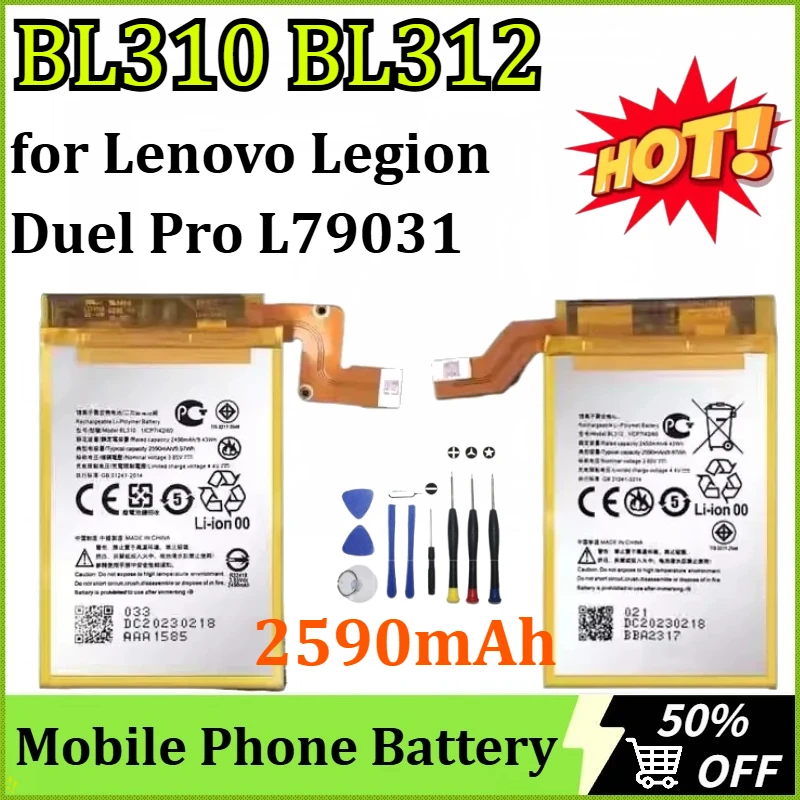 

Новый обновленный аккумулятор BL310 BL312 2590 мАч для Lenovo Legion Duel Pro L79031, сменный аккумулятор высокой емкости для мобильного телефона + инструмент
────────────────────────────────────────
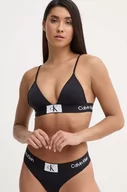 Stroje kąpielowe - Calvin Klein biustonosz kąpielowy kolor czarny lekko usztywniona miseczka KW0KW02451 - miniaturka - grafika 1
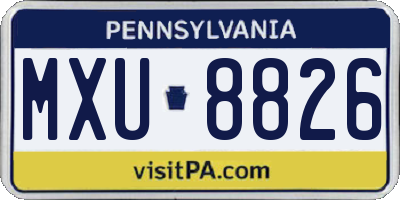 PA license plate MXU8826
────────────────────────────────────────
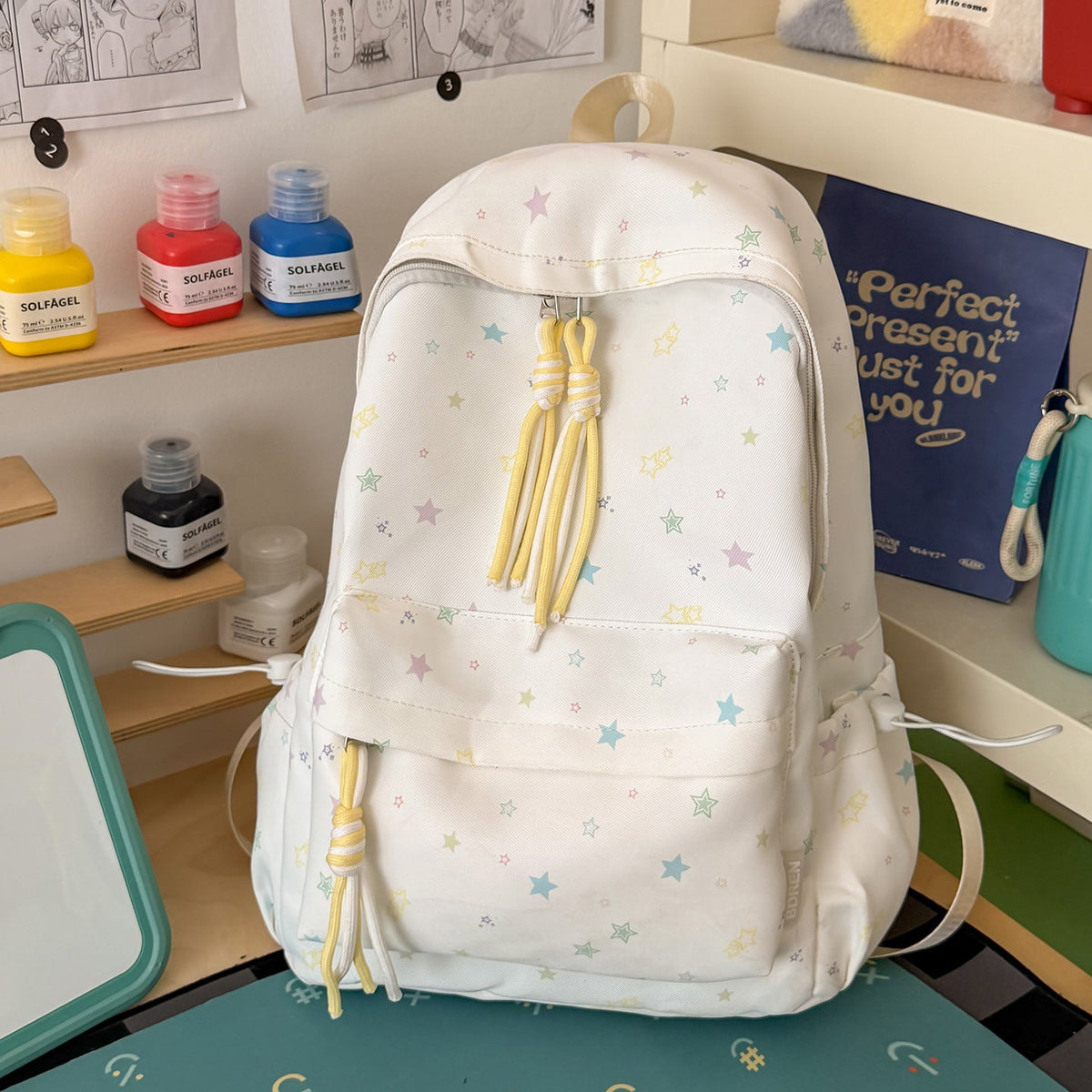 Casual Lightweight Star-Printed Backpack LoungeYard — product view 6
────────────────────────────────────────
**YOUR ASSIGNMENT:** Starting at the line above that holds "Stroje kąpielowe - Calvin", return each line up to and including the one that holds "PA license plate MXU8826", exactly as written, minus any pictures.

**SOLUTION FOR THIS PROBLEM:**
 Stroje kąpielowe - Calvin Klein biustonosz kąpielowy kolor czarny lekko usztywniona miseczka KW0KW02451 - miniaturka - grafika 1
 PA license plate MXU8826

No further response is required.